The foundation of our approach rested on a Variational Autoencoder (VAE) comprising two neural networks: an encoder and a decoder. The encoder learns to map from high-dimensional, discrete graph representations into compact, low-dimensional vectors. These latent vectors, representing truss structures, enabled an efficient exploration of the design space, transcending the rigid boundaries of traditional truss lattice formulations.
Furthermore, the latent space's association with specific mechanical properties through a neural network surrogate model revolutionized property predictions. By linking the latent vectors to the homogenized effective stiffness, similar structures clustered together in the continuous, smooth latent space, allowing for seamless transitions between distant designs.

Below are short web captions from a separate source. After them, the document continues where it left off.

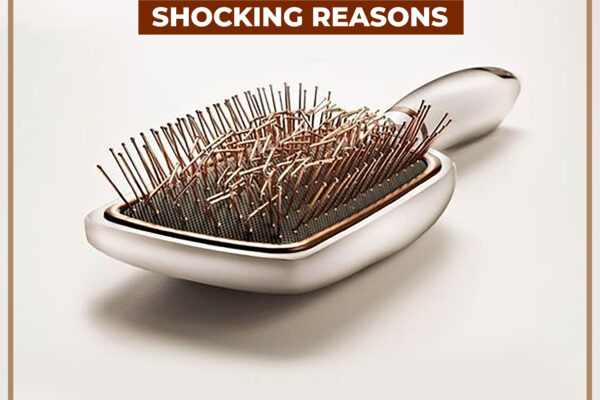 Why your hair is falling – 5 shocking health reasons and easy prevention tips
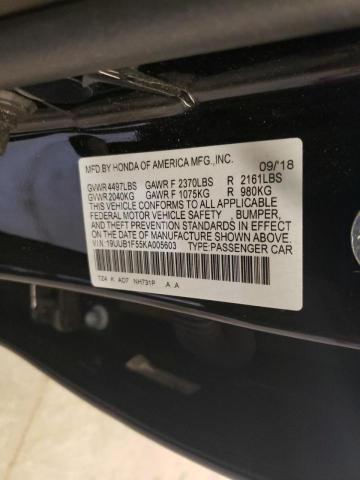 Photo 11 VIN: 19UUB1F55KA005603 - ACURA TLX 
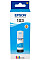 Контейнер с чернилами Epson 103 EcoTank L1110/L1250/L3100/L3101/L3110/L3150/L3151/L3156/L3200/L3201 /L3250/L3251/L3256/L3260/L3266/L3550/L3560/L5190/L5590/L5290 cyan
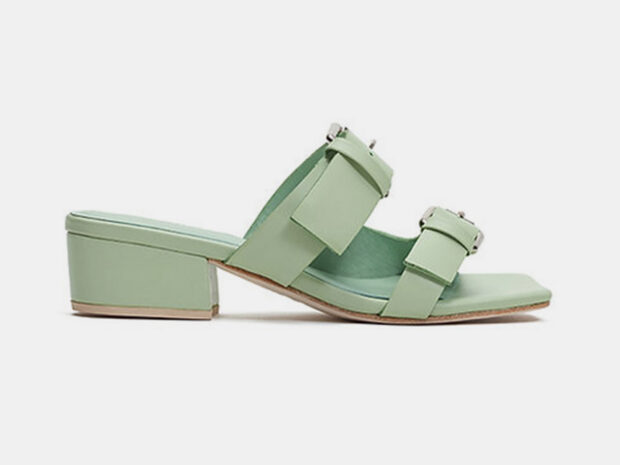 Sandalia de salto medio oout8 pege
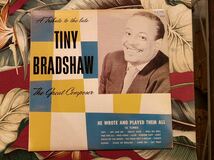 Tiny Bradshaw LP THE TRAIN KEPT A ROLLIN Jump Blues ロカビリー_画像1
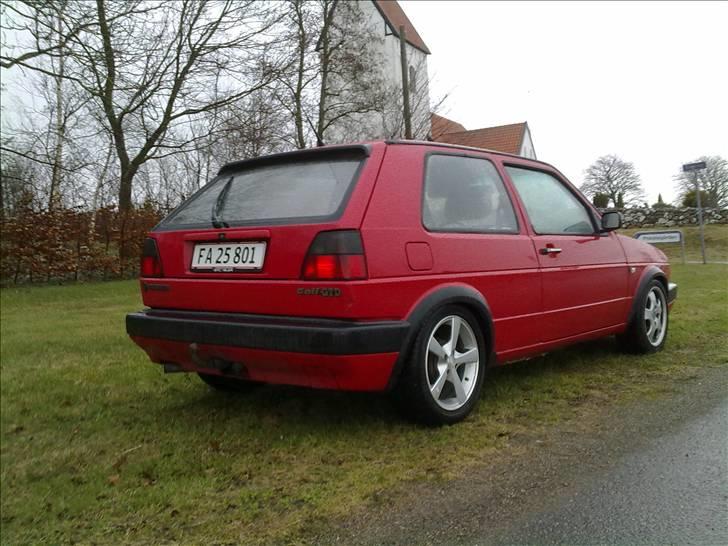 VW golf 2 gtd   / 3 dørs solgt billede 7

One of the key highlights of the constructed continuous and smooth latent space is that it empowers designers to swiftly generate novel truss designs through simple yet powerful operations within this latent space.

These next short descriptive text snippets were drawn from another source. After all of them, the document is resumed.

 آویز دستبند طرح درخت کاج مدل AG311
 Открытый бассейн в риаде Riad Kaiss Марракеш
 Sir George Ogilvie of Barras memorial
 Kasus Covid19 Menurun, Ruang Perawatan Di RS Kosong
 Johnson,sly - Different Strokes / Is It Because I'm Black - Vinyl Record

Sampling in the latent space allows for the random generation of truss configurations. Each point represents a unique truss structure, offering a diverse array of design possibilities. Traversing the latent space involves moving systematically from one point to another, enabling engineers to explore gradual transitions between designs. Interpolating between structures allows for the seamless blending of different designs, leading to innovative designs that inherit the features of their parent designs.
Predicting the Unpredictable: Towards Extreme Properties Beyond Boundaries
The continuous, low-dimensional latent space serves as a robust representation, capturing the intricate relationships between structural features. Unlike simplistic memorization of training data, this constructed latent representation understands the underlying physics, enabling precise tailoring of truss behaviors by gradient-based optimization. This not only facilitates achieving desired properties but also enables extrapolation beyond the training data, broadening the scope of potential solutions.
We have showcased the model’s ability to generate manufacturable and counter-intuitive truss designs that exhibit exceptionally stiff, auxetic, and pentamode-like behaviors, surpassing the boundaries of the training domain. Crucially, the framework's applicability extends beyond linear mechanical responses. By delving into the realm of nonlinear mechanical metamaterials, the model demonstrates its efficiency in the inverse design of truss metamaterials with target nonlinear stress-strain responses. Remarkably, the model explores diverse truss designs even beyond the observed behaviors in the training dataset, underlining its potential for innovation and discovery in uncharted territories of metamaterial design.
In summary, we have constructed a unified and continuous latent space that transcends the limitations of conventional design methodologies. The integration of gradient-based optimization offers a comprehensive solution to the complex challenge of truss metamaterial design. The generative modeling framework, which provides interpretability, versatility, and extrapolation capabilities, not only pushes the boundaries of what is achievable but also paves the way to uncover a broad range of novel materials and structures, opening new horizons for the field of metamaterial design.